La memoria di una storia condensata in un oggetto poco più che banale.
Cosa l’ha incuriosita di quella gente partita per far fortuna?
Sono sempre stato affascinato dalle persone che accettano il loro destino in maniera naturale: “Non posso trovare lavoro e futuro nel mio Paese? Senza chiedermi se è giusto o sbagliato, lascio tutto e parto per l’altro capo del mondo a fare quello che va fatto”. Nella nostra società questo senso dell’accettazione dignitosa e attiva del proprio destino si è ormai un po’ perso. Per questo mi affascina e attira il coraggio dei migranti.
Lei è un uomo di lettere, ma anche un grande appassionato di cinema e fotografia. La gestazione del suo libro è avvenuta per parole o immagini?
Sicuramente più per immagini. La cellula originale del romanzo è stato anche un esercizio svolto durante un corso di scrittura che aveva come obiettivo la descrizione in chiave evocativa di un oggetto.

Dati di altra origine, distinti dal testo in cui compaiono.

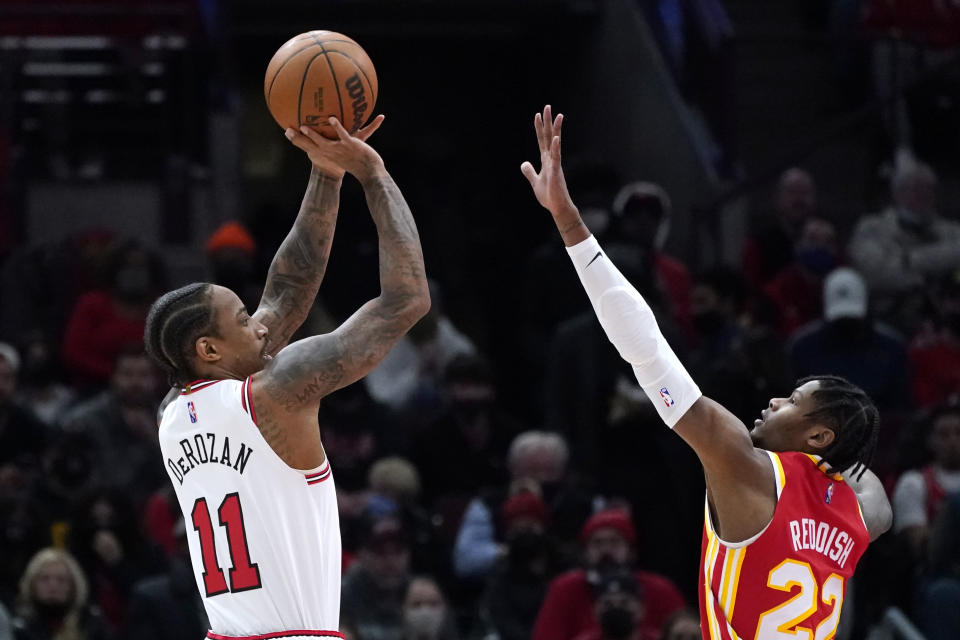 Chicago Bulls forward DeMar DeRozan, left, shoots over Atlanta Hawks forward Cam Reddish during the first half of an NBA basketball game in Chicago, Wednesday, Dec. 29, 2021. (AP Photo/Nam Y. Huh)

L’oggetto in questione è l’uniforme blu e oro che i lettori troveranno al centro di alcuni degli eventi narrati.
Nella sua attività professionale e politica ha sempre mostrato rigore e sobrietà. Il Rossi scrittore ha pari contegno o si concede slanci di furore creativo?

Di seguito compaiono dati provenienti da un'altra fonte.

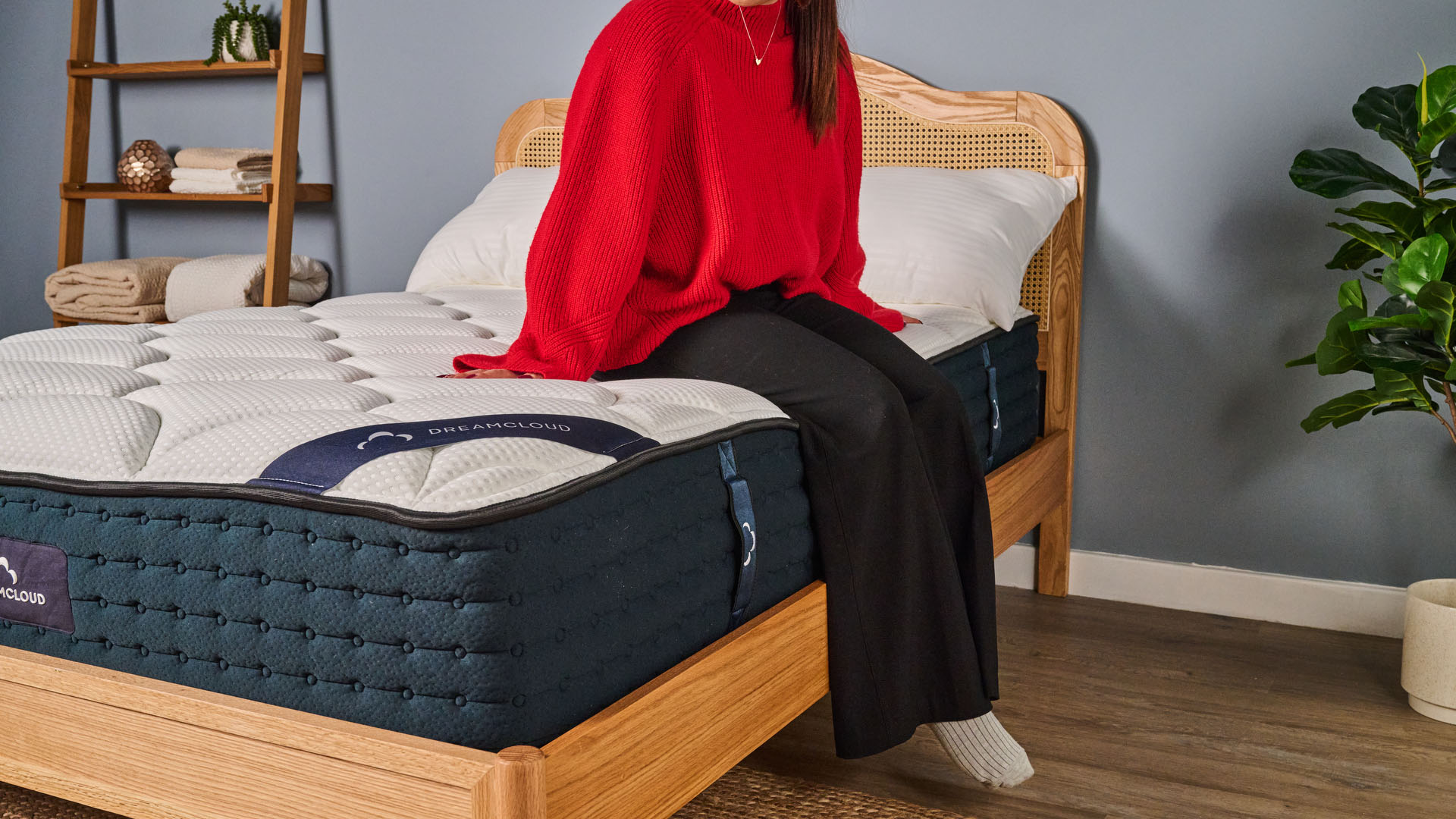 A woman sits on the side of the DreamCloud Hybrid mattress to test the edge support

Mi concedo degli eccessi controllati. La scrittura ha un carattere liberatorio e mi dà la possibilità di mettermi nei panni di qualcuno che non sono, di vivere in un tempo che non è il mio e di comunicare sensazioni che non riuscirei a descrivere in maniera così precisa con la parola detta. Fuori dubbio è che queste emozioni, per essere percepite dal lettore, vanno strutturate.
All’interno dei confini italiani e in condizioni più agiate, anche la sua famiglia ha vissuto il fenomeno della migrazione. Ha trovato delle affinità tra la sua storia e quella del romanzo?
Questo romanzo è il terzo di una trilogia che ha al suo centro la figura del padre e il tema della migrazione; il primo è ambientato a Sinigo e il secondo a Lasa. Se oggi anche le donne sono protagoniste dei flussi che portano a spostarsi nel mondo, un tempo la migrazione era un fenomeno quasi esclusivamente maschile. Come ad Ushuaia arrivarono prima gli uomini e un anno dopo le donne, così mio padre ci precedette in Alto Adige per verificare che le condizioni fossero favorevoli al trasferimento di tutta la famiglia. In entrambi i casi la figura dell’uomo che prende per mano il suo destino è senz’altro centrale.
Nasciamo figli e l’età, almeno un po’, ci “genitorizza” tutti. C’è Andrea in uno dei due protagonisti?
Mi sono visto nel bisogno di quel padre di confessare: “Ho scelto un destino, l’ho vissuto fino in fondo e però ho costretto pure te a farne parte portandoti in questa terra sperduta. Tu non hai potuto scegliere, io sì”. Allo stesso modo ho sentito mio il suo desiderio di sdebitarsi mettendo a parte il figlio di un segreto importante, e lasciandogli la possibilità finalmente di scegliere se restare o partire.
C’è, tra tutti, un personaggio che predilige?
Direi Striaco, che è refrattario a qualsiasi imposizione e vincolo. Molto addentro ai fatti della vita, rimane sempre profondamente libero e capace di prendere su di sé la responsabilità delle proprie azioni.
Dovesse fotografare le scene del suo romanzo, utilizzerebbe una pellicola a colori o in bianco e nero?
Credo in bianco e nero. Non sono mai stato nella Terra del Fuoco, ma le condizioni atmosferiche, le vicende narrate e alcuni aspetti psicologici dei personaggi hanno grandi analogie. Dalla plumbea cappa del cielo spunta di tanto in tanto un luminoso raggio di sole. Nella storia, il bene e il male si alternano con contrasti di uguale intensità.